First, the responses to the article:
Particularly interesting is the suggestion by one commentator that the use of open courseware should be avoided because it may lead to job loss for adjuncts. Frankly, if our value as academics is based on our providing content, our days are numbered anyway. A focus on helping students learn – using the best content available – is obviously in everyone’s interests. Particularly students.
Also interesting is the notion put forward by another commentator that students may soon bypass universities and learn independently. If universities were primarily about learning, they would have gone out of business with the emergence of mass market publishing. Credentials. Credentials. Credentials.
A third commentator suggested that this plan was an insult to St. Mike’s faculty; it implies that the faculty aren’t doing their job well. Hmmm. Should we worry more about the feelings of faculty members or using the best possible method for acquiring/building digital content?
The use of open courseware:
I think the President of St. Michaels is moving in the right direction. However, he may find the results – if he is actually able to move faculty to act on his suggestion – rather disappointing, at least in the short-term.
Among institutions that rely on individual faculty to create content, integrating open content may mildly increase the overall quality of digital content  – but I don’t think the time or cost-savings will be significant.
In terms of quality . . . the current model in traditional higher ed dramatically limits both the skills and investment brought to digital content development. Faculty are neither trained nor rewarded for this work, and the economics of content development limit the investment to what can be recouped by a single course. While the chance to select from a larger pool of content will likely raise the average quality of the materials used in a course, the bulk of open courseware is built according to the same (inappropriate) business model – so the advantages will be limited until the model is corrected.

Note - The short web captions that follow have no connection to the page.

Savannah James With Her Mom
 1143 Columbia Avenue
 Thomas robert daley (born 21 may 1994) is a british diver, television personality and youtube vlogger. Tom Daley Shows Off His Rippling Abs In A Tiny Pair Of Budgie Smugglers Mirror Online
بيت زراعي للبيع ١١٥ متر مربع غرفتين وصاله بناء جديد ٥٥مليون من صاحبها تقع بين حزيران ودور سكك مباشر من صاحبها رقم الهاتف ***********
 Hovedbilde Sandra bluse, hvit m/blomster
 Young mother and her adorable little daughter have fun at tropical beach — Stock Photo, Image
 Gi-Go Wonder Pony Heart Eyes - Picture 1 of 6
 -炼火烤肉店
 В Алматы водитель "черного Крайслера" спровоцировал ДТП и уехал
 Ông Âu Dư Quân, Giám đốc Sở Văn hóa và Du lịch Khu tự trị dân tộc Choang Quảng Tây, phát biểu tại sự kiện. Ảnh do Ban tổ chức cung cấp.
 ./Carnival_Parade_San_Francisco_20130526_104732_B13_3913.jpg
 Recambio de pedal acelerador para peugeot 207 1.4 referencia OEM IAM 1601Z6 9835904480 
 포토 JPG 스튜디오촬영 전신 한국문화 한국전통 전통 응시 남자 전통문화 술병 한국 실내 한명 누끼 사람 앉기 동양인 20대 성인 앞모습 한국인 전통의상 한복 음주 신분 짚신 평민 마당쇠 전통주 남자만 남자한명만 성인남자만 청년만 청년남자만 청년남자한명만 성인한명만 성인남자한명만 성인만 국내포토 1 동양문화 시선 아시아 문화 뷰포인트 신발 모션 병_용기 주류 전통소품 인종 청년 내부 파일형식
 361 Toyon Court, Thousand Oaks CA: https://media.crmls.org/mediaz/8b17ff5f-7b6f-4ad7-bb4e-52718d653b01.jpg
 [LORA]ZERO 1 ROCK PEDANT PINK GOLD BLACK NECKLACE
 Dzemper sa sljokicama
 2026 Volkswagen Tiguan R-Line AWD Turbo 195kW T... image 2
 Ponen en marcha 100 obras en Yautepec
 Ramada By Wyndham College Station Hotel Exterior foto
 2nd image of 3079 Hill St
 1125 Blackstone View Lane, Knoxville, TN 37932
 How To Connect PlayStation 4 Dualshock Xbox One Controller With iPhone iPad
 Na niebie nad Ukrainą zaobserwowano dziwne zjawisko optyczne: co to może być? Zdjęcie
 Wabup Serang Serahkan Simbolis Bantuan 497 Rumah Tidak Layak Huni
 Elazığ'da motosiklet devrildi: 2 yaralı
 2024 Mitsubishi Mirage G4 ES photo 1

In terms of saving time/money . . . there’s little in place at the moment to make the process of finding and integrating third-party content simple or easy. Content management in higher education is not set up to facilitate nimble management of third-party content, and the more popular repositories of content are not yet sufficiently robust. In terms of cost savings . . . instructors are paid little for creating digital content, so there’s little savings to be had. And whatever is currently paid out for this service will be difficult to withhold given that the core responsibility of creating/gathering the digital content remains necessary. (There are, of course, staff costs that need to be considered, but these will be most relevant to the larger digital operations – for whom the problem of content quality is proportionally smaller.)